"We no longer belong to the Ceylinco Group. Yes, at one time we were and proud of it but now Ceylinco Insurance stands alone, stable, strong, safe and secure depending on no one," Godwin Perera, Marketing Consultant for Ceylinco Insurance told journalists last afternoon.
Ceylinco Insurance PLC, comprising Ceylinco Insurance-General and Ceylinco Insurance-Life, recorded a 14.8 percent decline in gross written premium income of Rs. 16.6 billion in 2009 from Rs. 19.5 billion the previous year but then the entire insurance industry suffered due to tough times in 2009 caused by the economic crisis.
The overall gross written premium incomes of the 18 insurance companies registered with the Insurance Board of Sri Lanka registered a slight decline of 0.42 percent to Rs. 57.9 billion from Rs. 58.1 billion in 2008.
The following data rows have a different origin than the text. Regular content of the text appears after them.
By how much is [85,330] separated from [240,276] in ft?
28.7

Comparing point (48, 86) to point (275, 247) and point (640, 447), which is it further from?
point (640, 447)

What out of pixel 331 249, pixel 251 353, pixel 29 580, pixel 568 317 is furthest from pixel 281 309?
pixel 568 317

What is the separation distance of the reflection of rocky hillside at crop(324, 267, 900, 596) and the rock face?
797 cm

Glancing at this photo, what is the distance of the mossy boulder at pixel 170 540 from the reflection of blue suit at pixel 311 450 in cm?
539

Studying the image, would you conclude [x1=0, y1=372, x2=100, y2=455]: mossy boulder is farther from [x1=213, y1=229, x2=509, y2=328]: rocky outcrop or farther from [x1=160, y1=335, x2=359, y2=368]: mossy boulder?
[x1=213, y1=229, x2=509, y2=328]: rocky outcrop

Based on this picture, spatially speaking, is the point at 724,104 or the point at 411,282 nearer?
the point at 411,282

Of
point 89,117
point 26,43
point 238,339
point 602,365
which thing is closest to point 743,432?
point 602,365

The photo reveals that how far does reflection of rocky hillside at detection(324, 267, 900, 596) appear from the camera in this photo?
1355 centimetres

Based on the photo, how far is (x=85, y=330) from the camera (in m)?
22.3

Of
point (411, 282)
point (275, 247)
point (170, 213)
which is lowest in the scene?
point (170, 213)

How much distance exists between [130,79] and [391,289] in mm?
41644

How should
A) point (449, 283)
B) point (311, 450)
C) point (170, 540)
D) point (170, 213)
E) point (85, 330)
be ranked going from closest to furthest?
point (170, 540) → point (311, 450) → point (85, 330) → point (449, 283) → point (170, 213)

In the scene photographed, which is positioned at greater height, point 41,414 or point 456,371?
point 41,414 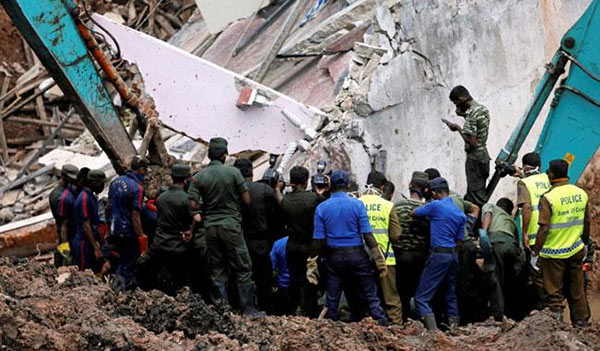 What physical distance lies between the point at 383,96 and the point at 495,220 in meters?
2.70

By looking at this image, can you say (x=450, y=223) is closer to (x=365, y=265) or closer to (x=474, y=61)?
(x=365, y=265)

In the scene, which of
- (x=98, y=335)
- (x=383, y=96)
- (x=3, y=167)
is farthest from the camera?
(x=3, y=167)

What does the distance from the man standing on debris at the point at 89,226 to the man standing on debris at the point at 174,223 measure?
834 mm

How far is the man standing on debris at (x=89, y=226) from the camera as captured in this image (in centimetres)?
1184

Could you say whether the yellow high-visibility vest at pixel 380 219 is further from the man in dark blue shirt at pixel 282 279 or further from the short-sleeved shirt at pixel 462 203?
the man in dark blue shirt at pixel 282 279

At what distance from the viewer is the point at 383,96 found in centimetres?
1319

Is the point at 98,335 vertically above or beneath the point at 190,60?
beneath

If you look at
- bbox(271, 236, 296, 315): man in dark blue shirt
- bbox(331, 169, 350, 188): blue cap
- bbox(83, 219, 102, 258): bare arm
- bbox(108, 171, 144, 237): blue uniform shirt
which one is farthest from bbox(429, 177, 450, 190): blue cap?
bbox(83, 219, 102, 258): bare arm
Ajith Gunawardena, Joint Deputy Chairman, Ceylinco Insurance-General, said the crisis that hit the parent company, Ceylinco Consolidated, also affected premium incomes. "About 60 percent of the business we lost in 2009 was from the other companies of the Ceylinco Group, which were either bought over or went underground," he said.
Perera, Gunawardena and R. Renganathan, Joint Deputy Director Ceylinco Insurance-Life, told journalists that the company experienced the ‘worst storm’ or financial sector crisis in the country’s history.
"2009 tested every aspect of the company including the trust of our policyholders, but we passed with flying-colours," Renganathan said.
Perera compared the company’s financial performance in 2009 with that of 2008, considered to be ‘good year’.
Total assets of Ceylinco Insurance grew by 10.1 percent to Rs. 41.3 billion in 2009 from 37.5 billion in 2008. Income from investments grew by 20.6 percent to Rs. 3.5 billion from Rs. 2.9 billion.
Net value of claims paid increased in 2009 by 7.3 percent from Rs. 6.8 billion in 2008 to Rs. 7.3 billion in 2009 and Perera said this was very important. "We had to honour our policy holders’ trust," he said.
Solvency ratios (net assets/premium income) as stipulated by the Insurance Board of Sri Lanka exceeded 2008 levels. The solvency ratio for Ceylinco-General improved to two times from 1.4 times the previous year, while Ceylinco-Life’s solvency ratio improved to eight timed from 5 times the previous year.
Profit before tax increased by 28 percent during the year to Rs. 939.6 million from Rs. 732.3 million recoded in the ‘good year’ 2008.
The company’s share value has also grown by 4,230 percent since 1987 when Ceylinco Insurance was listed on the Colombo Stock Exchange. Perera said Rs. 1,000 worth of shares in 1982 would now be worth Rs. 43,300.
Gunawardena said in light of the company’s strong performance in 2009, the board of directors has decided to make a 50 percent dividend payment to shareholders.